Best for: Modern teams, experimental workflows, preference for UX, cloud-native deployments

Example:

Click to view code (python)
from prefect import flow, task
from prefect.tasks.bash import bash_shell
import requests

@task(retries=2, retry_delay_seconds=300)
def extract_data():
    response = requests.get('https://api.example.com/events')
    response.raise_for_status()
    return response.json()

@task
def transform_data(data):
    # Type hints help Prefect understand data flow
    return [d for d in data if d['valid']]

@task
def load_data(data):
    # Prefect handles logging automatically
    print(f"Loading {len(data)} records")
    # Load to warehouse
    pass

@flow
def etl_pipeline():
    raw_data = extract_data()
    clean_data = transform_data(raw_data)
    load_data(clean_data)

# Schedule: every day at 2 AM
if __name__ == "__main__":
    etl_pipeline()

Dagster

Pros:

  • Data-aware (understands data assets)
  • Built-in testing framework
  • Better for data engineering teams
  • Excellent for multi-stage pipelines
  • Clear separation of logic from orchestration

Cons:

  • Steeper learning curve
  • Smaller community
  • Relatively new (less battle-tested)
  • More opinionated structure

Best for: Data engineering teams, asset-oriented pipelines, testing-first culture

Example:

Click to view code (python)
from dagster import job, op, In, Out

@op
def extract_data():
    import requests
    return requests.get('https://api.example.com/events').json()

@op
def transform_data(data):
    return [d for d in data if d['valid']]

@op
def load_data(data):
    print(f"Loaded {len(data)} records to warehouse")

@job
def etl_job():
    load_data(transform_data(extract_data()))

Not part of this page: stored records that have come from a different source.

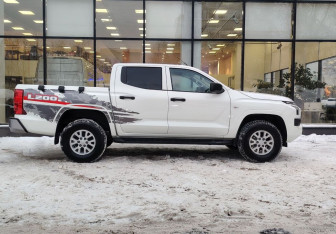 Новый Mitsubishi L200 2025 (4 фото)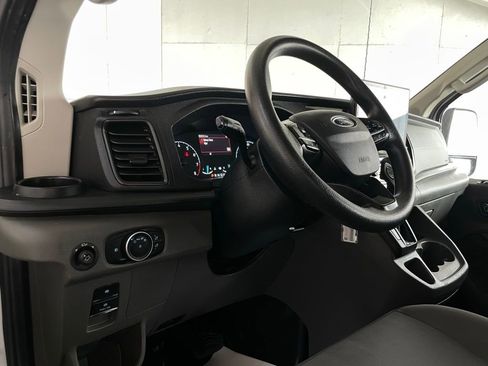 Used 2023 Ford Transit 350 XLT RWD image 12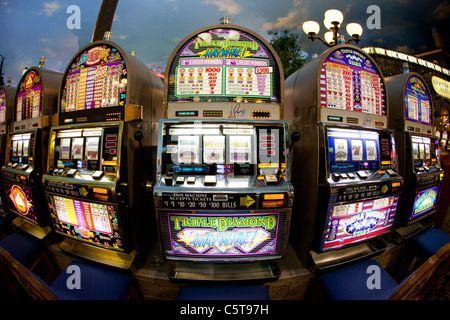 Slot machines inside paris las hi-res stock photography and images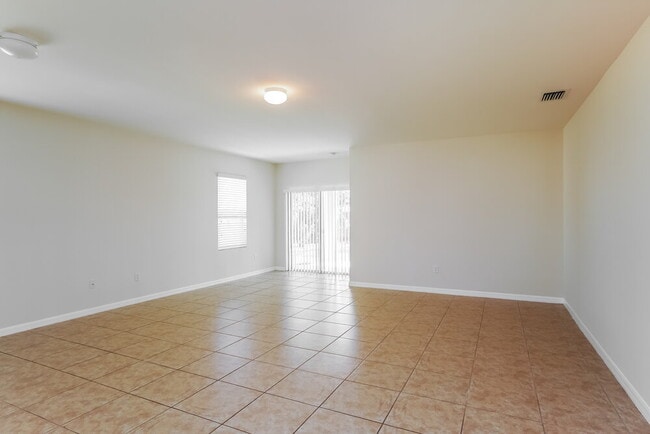 Photo - 203 NE 9th Ave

if __name__ == "__main__":
    etl_job.execute_in_process()

AWS Step Functions

Pros:

  • Fully managed (no operational overhead)
  • Integrates with 200+ AWS services
  • Pay per execution (low cost if infrequent)
  • State machine approach (clear logic)
  • Serverless

Cons:

  • Limited to AWS ecosystem
  • Cannot easily move pipelines
  • Definition language is JSON (not code)
  • Less flexible for complex logic

Best for: AWS-only shops, simple to medium workflows, low operational overhead needed

Example (State Machine JSON):

Click to view code (json)
{
  "Comment": "ETL pipeline",
  "StartAt": "ExtractData",
  "States": {
    "ExtractData": {
      "Type": "Task",
      "Resource": "arn:aws:lambda:us-east-1:123456789:function:extract",
      "Next": "TransformData",
      "Retry": [{
        "ErrorEquals": ["States.TaskFailed"],
        "IntervalSeconds": 300,
        "MaxAttempts": 2,
        "BackoffRate": 1.0
      }]
    },
    "TransformData": {
      "Type": "Task",
      "Resource": "arn:aws:lambda:us-east-1:123456789:function:transform",
      "Next": "LoadData"
    },
    "LoadData": {
      "Type": "Task",
      "Resource": "arn:aws:states:::dynamodb:putItem",
      "Parameters": {
        "TableName": "processed_events",
        "Item": {
          "id": {"S.$": "$.id"},
          "data": {"S.$": "$.data"}
        }
      },
      "End": true
    }
  }
}

Luigi (Spotify)

Pros:

  • Extremely simple (100 lines to complete pipeline)
  • Python-native
  • No dependencies (works locally)
  • Good for quick prototyping
  • Low overhead

Cons:

  • Limited UI (CLI only)
  • Not scalable beyond 100 tasks
  • No built-in retry logic
  • Poor visibility
  • Abandoned (less maintenance)

Best for: Quick prototyping, simple one-off jobs, local development

Example:

Click to view code (python)
import luigi
import requests
import pandas as pd

class ExtractData(luigi.Task):
    def output(self):
        return luigi.LocalTarget('data/raw.json')
    
    def run(self):
        data = requests.get('https://api.example.com/events').json()
        with self.output().open('w') as f:
            import json
            json.dump(data, f)

class TransformData(luigi.Task):
    def requires(self):
        return ExtractData()
    
    def output(self):
        return luigi.LocalTarget('data/transformed.csv')
    
    def run(self):
        df = pd.read_json(self.input().path)
        df = df[df['valid'] == True]
        df.to_csv(self.output().path, index=False)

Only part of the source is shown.